“Yerli” Sanatın Yükselişi Samed Karagöz
SonTurkHaber.com, Yenisafak kaynağından alınan bilgilere dayanarak bilgi yayımlıyor.
Küresel sanat sahnesi, son yıllarda belki de en radikal kırılmasını yaşıyor. Merkezî anlatılar yerini kenarda bırakılanların sesine bırakırken, yerli (Indigenous) sanatçılar yalnızca görünür olmakla kalmıyor, bizzat küresel anlatının merkezine yerleşiyor. Geçtiğimiz haftalarda İngiltere’de Tate Modern, Camden Art Centre ve Edinburgh’daki Fruitmarket Gallery gibi prestijli kurumlarda açılan sergiler; bu dönüşümün yalnızca geçici bir ilgi değil, kurumsal bir yeniden yapılanma olduğuna işaret ediyor.
2024 Venedik Bienali'nin "Foreigners Everywhere" teması altında Altın Aslan ödülünü kazanan Avustralyalı Archie Moore ve Maori kolektifi Mataaho'nun başarısı, bu rüzgârın ilk kıvılcımıydı. Yerli sanatçılar artık yalnızca geleneksel motifler, nokta tekniği ya da pastoral temsillerle değil; hiciv, siyasal eleştiri ve çevresel yıkıma dair güçlü bir estetikle karşımıza çıkıyor. Bu yeni anlatılar, Batı merkezli sanat kurumlarının hem estetik hem de etik zeminini yeniden düşünmeye zorluyor.

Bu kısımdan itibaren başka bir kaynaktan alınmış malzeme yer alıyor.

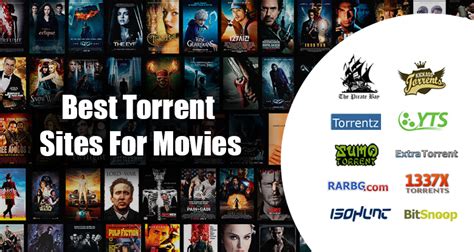 The Best Torrent Sites Ultimate P P List For July Descubra O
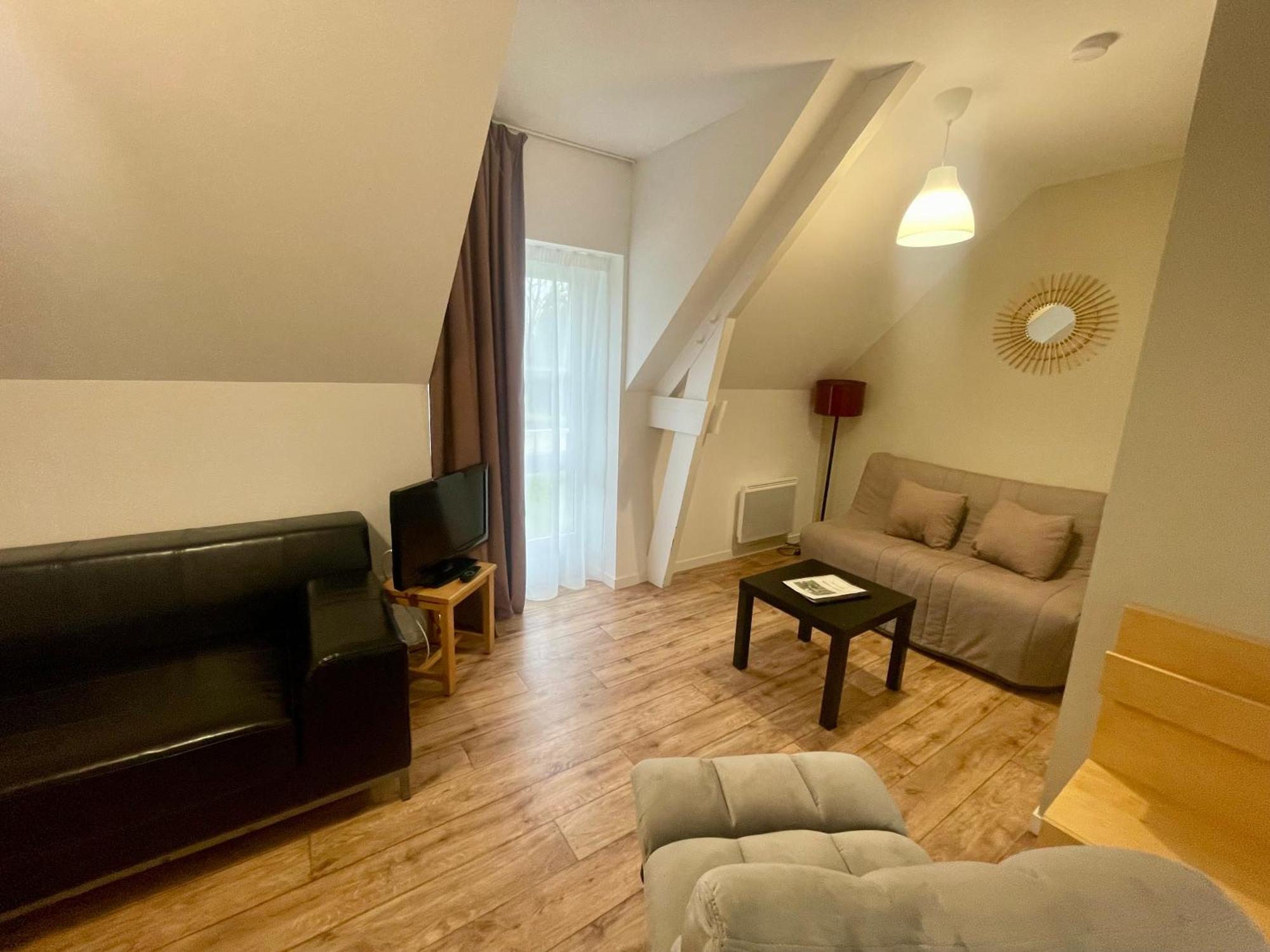 شقة Domaine De Manehouarn Plouay المظهر الخارجي الصورة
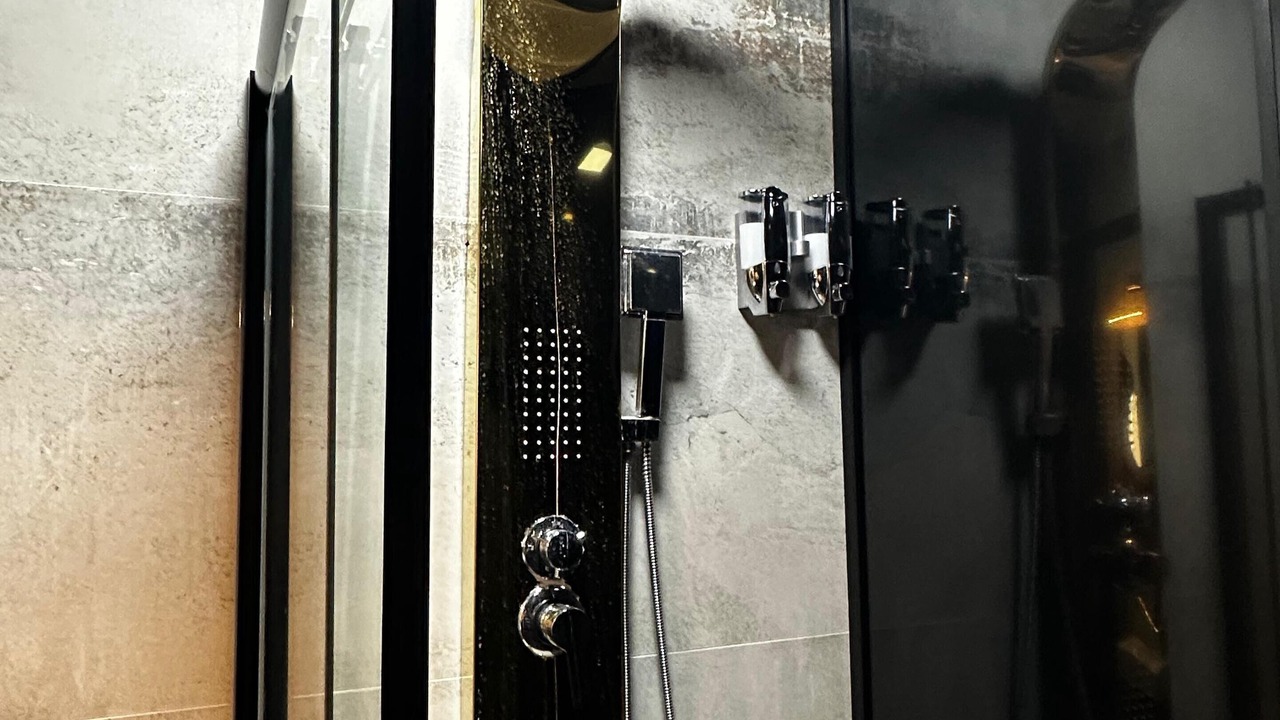Photo of Bathroom in Cihangir
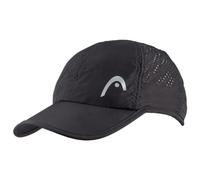 Casquette Head Pro Player Cap Black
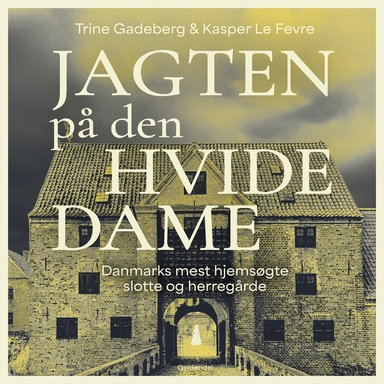 Jagten på den hvide dame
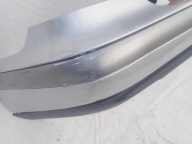 MERCEDES CLK W208 bumper rear part rear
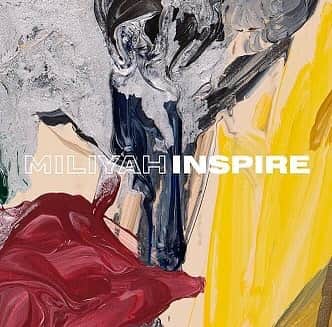 阿部真央のインスタグラム：「加藤ミリヤさんトリビュートアルバム  【INSPIRE】  本日発売‼️おめでとうございます✨ 豪華アーティストの皆様の輝きがいっぱいのアルバムです。 阿部真央の歌うLast Loveも是非聴いてくださいー(o^^o)  まお  #miliyahINSPIRE #15thanniversary」
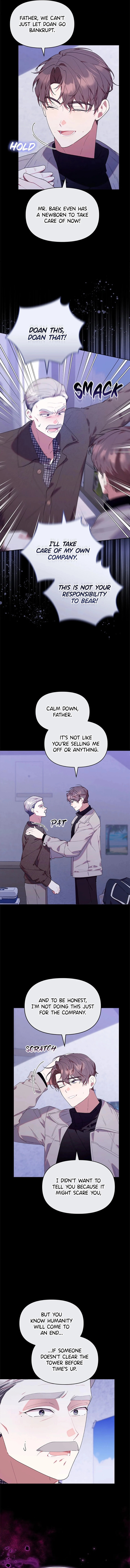 Read Dungeons and Crayons chapter 54 image 2 on Lezhin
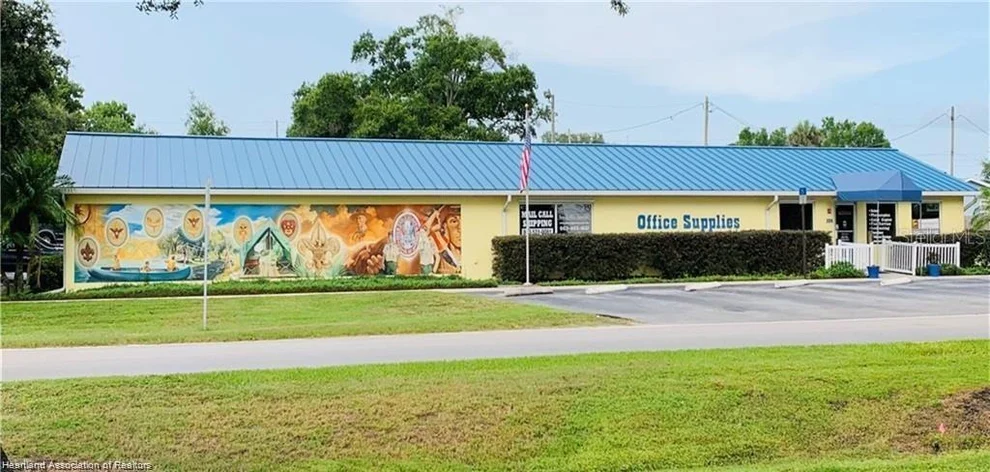 Unit for sale at 204 S MAIN AVENUE, LAKE PLACID, FL 33852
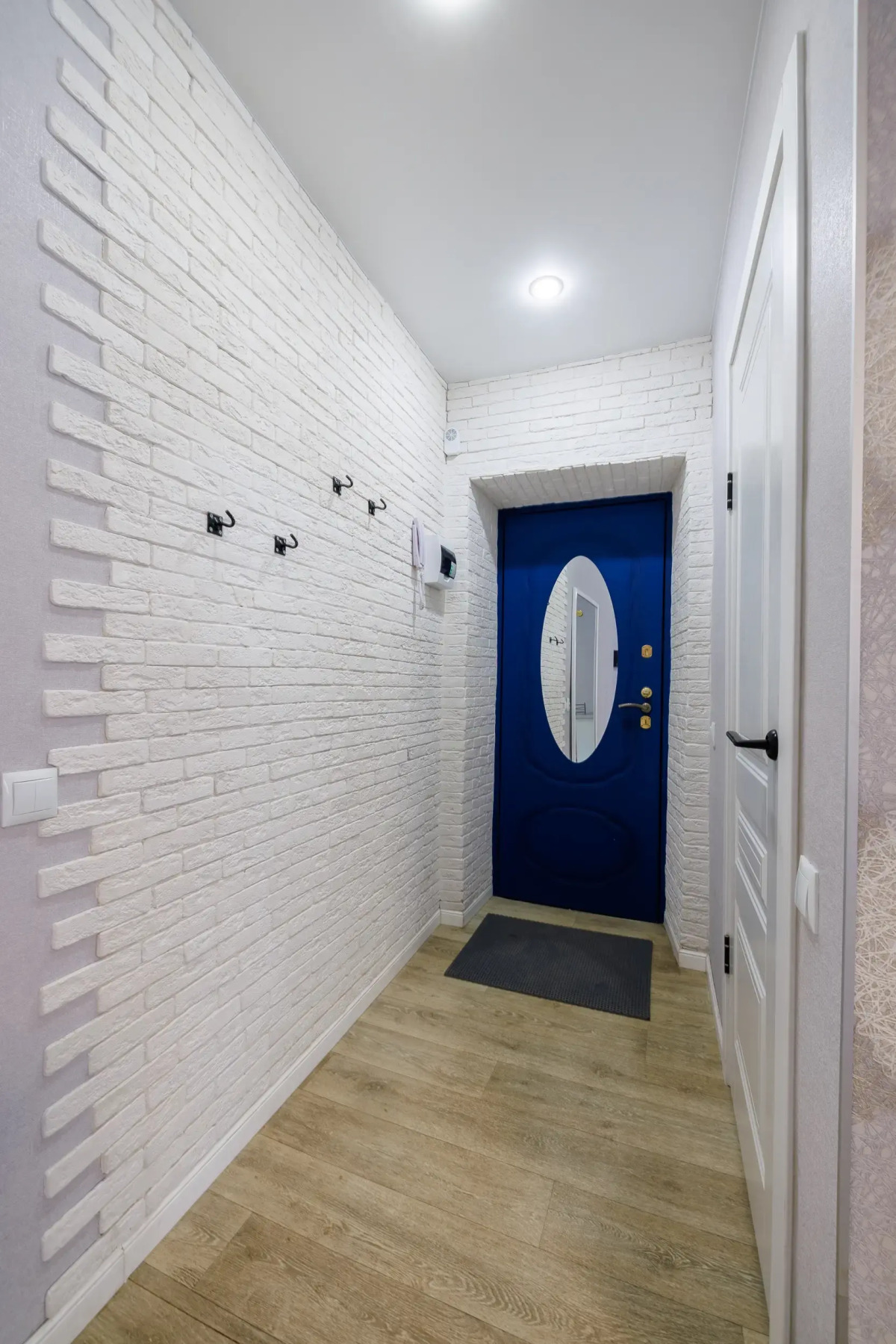 Квартира Двухкомнатная на проспекте Ленина 74А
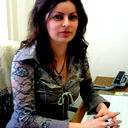 Заира Ансокова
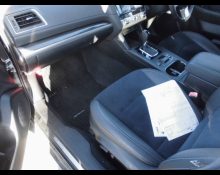 Subaru Outback 2016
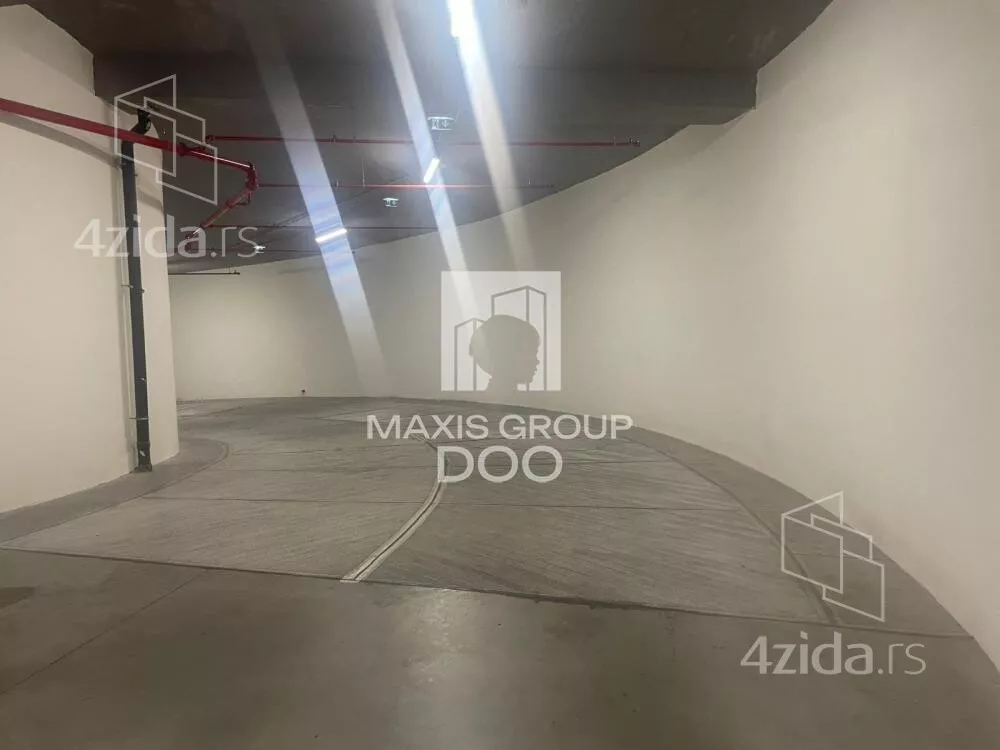 Garaža | 4zida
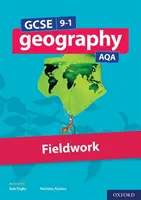 GCSE 9-1 Geografía AQA Trabajo de campo - GCSE 9-1 Geography AQA Fieldwork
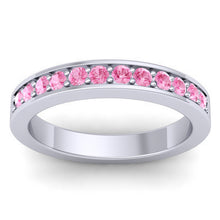 Pink Tourmaline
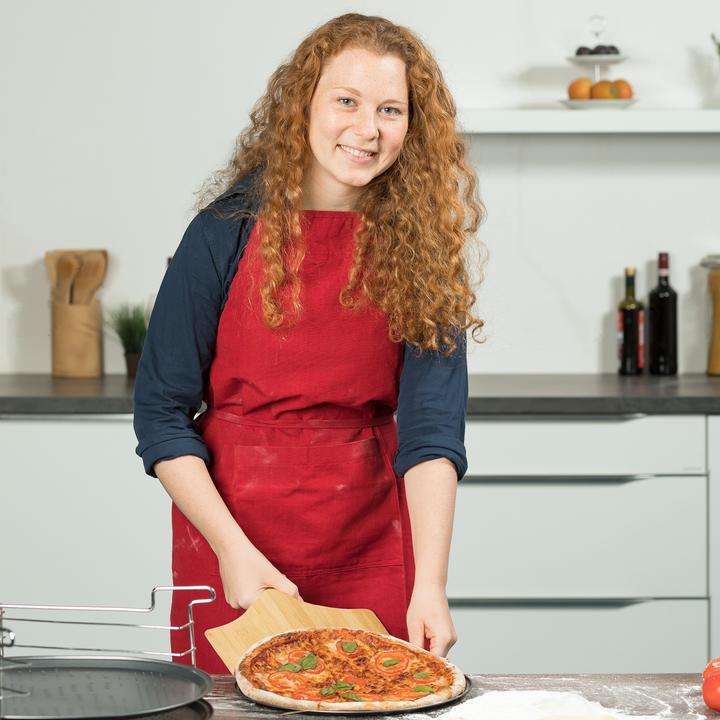 Produktbild Relaxdays Pizzaschaufel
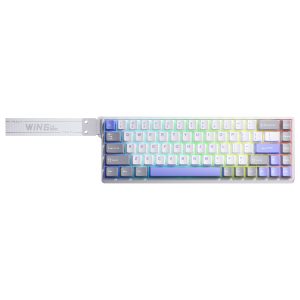 WIN 68HE MAX Magnetic Switch Keyboard 8k
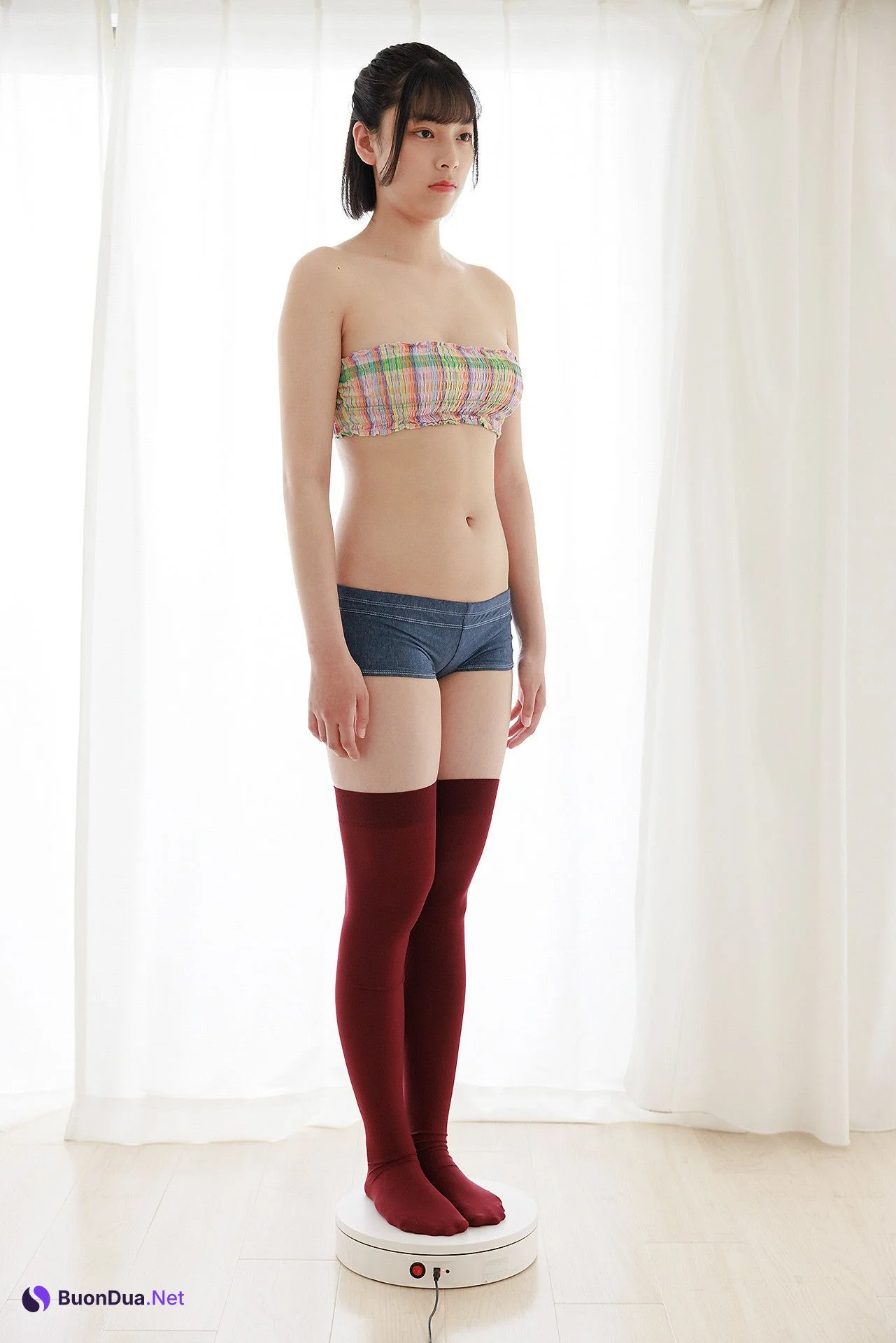 Eyu Hirayama 平山えゆ, [Minisuka.tv] 2023.08.17 Private Gallery (STAGE1) 6.2 - Photo 8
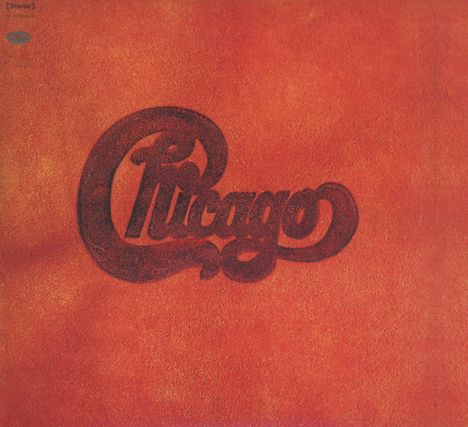 Chicago: Live In Japan 1972, 2 CDs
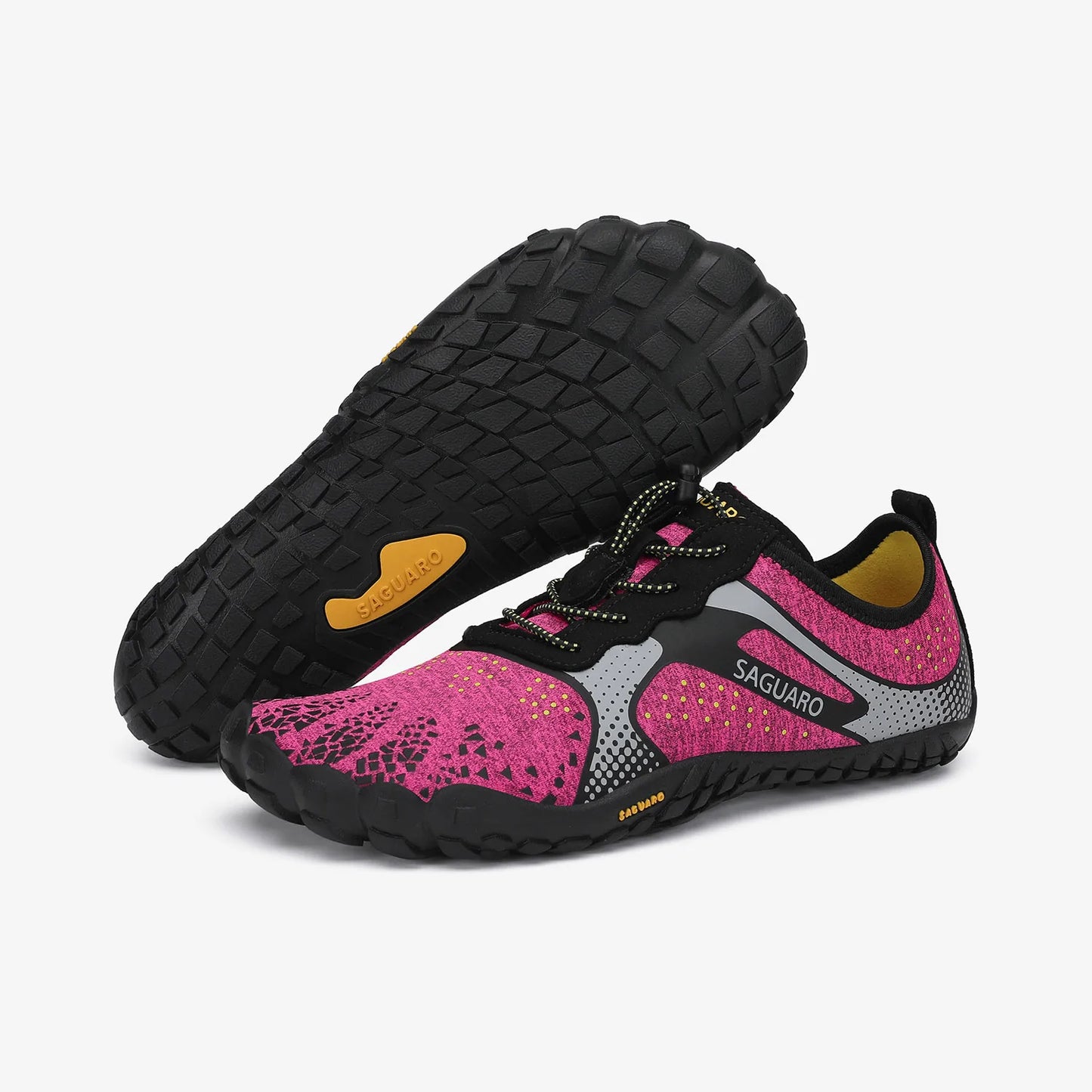 Chaser Fast I - Rosado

Tate Modern’de yer bulan Emily Kam Kngwarray’nin Rüya Zamanı (Dreamtime) soyutlamaları, Camden Art Centre’daki Vincent Namatjira’nın keskin politik portreleri ve Jaune Quick-to-See Smith’in kimlik ile toprak arasındaki bağları sorgulayan işleri, yeni bir çağın işaret fişekleri niteliğinde. Bu sanatçılar yalnızca kendi geçmişlerini değil, aynı zamanda evrensel krizleri –iklim felaketi, sömürgecilik sonrası kimlik arayışı, yerinden edilme– sanatsal bir dil aracılığıyla görünür kılıyor.
İngiltere’deki sergilerin yanı sıra Güney Amerika’dan da çarpıcı işler geliyor. Amazon yerlisi Santiago Yahuarcani’nin doğal pigmentlerle yaptığı kabuk bezli eserleri ya da Arjantinli Silät kolektifinin tekstil yoluyla iklim krizine dair açtığı yaralar, yerli sanatın yalnızca nostaljik değil, aynı zamanda gelecek odaklı olduğunu gösteriyor.
Bu yükseliş, koleksiyon piyasasında da yankı buluyor. Tate gibi büyük kurumlar, artık yalnızca Batılı ustaların değil yerli sanatçıların da eserlerine kalıcı koleksiyonlarında yer veriyor. Ancak bu yükselişin beraberinde getirdiği tartışmalar da var: Bu görünürlük gerçek bir temsil mi, yoksa estetikle perdelenmiş bir tür ‘tokenizm’ mi?
Yerli sanatçılar için sanat bir ifade biçimi olmaktan öte topluluk belleğini yaşatma ve geleceğe aktarma aracı. Kültürel bekçiliğin sanatsal formlara evrilmiş hali. Dolayısıyla bu hareketi, geçici bir ‘trend’ olarak değil, bir kültürel yeniden inşa süreci olarak okumak gerek.
Sanat dünyası artık yalnızca Batı’nın değil toprağıyla konuşanların da hikâyesini dinliyor. Tıpkı 19. yüzyıl sonu ve 20. yüzyıl başında Batılı sanatçıların Doğu’ya özellikle İslam sanatlarına ve geleneksel el işçiliğine duyduğu estetik merak gibi, 21. yüzyılın ilk çeyreğinde de sanatın yönü yeniden merkezin dışına, çoğu zaman görmezden gelinen yerlere çevriliyor. O dönemde Paul Klee’nin Tunus’ta ışığın izini sürmesi, Henri Matisse’in Fas’ta İslam mimarisinden ve halı desenlerinden etkilenmesi ya da Wassily Kandinsky’nin minyatür estetiğine duyduğu hayranlık nasıl yeni görsel dillerin önünü açtıysa; bugün de yerli ve yerinden edilmiş toplulukların sanatçıları, hem tarihsel miraslarını hem de güncel meseleleri küresel sahneye taşıyarak benzer bir kırılma yaratıyor. Bu yeni seslerin yükselişi sadece galerileri değil, izleyiciyi de dönüştürüyor; çünkü bu sanat artık bir bakış değil, bir birlikte yaşama çağrısı. Ve bu dönüşüm, belki de çağımızın en umut verici estetik kırılması.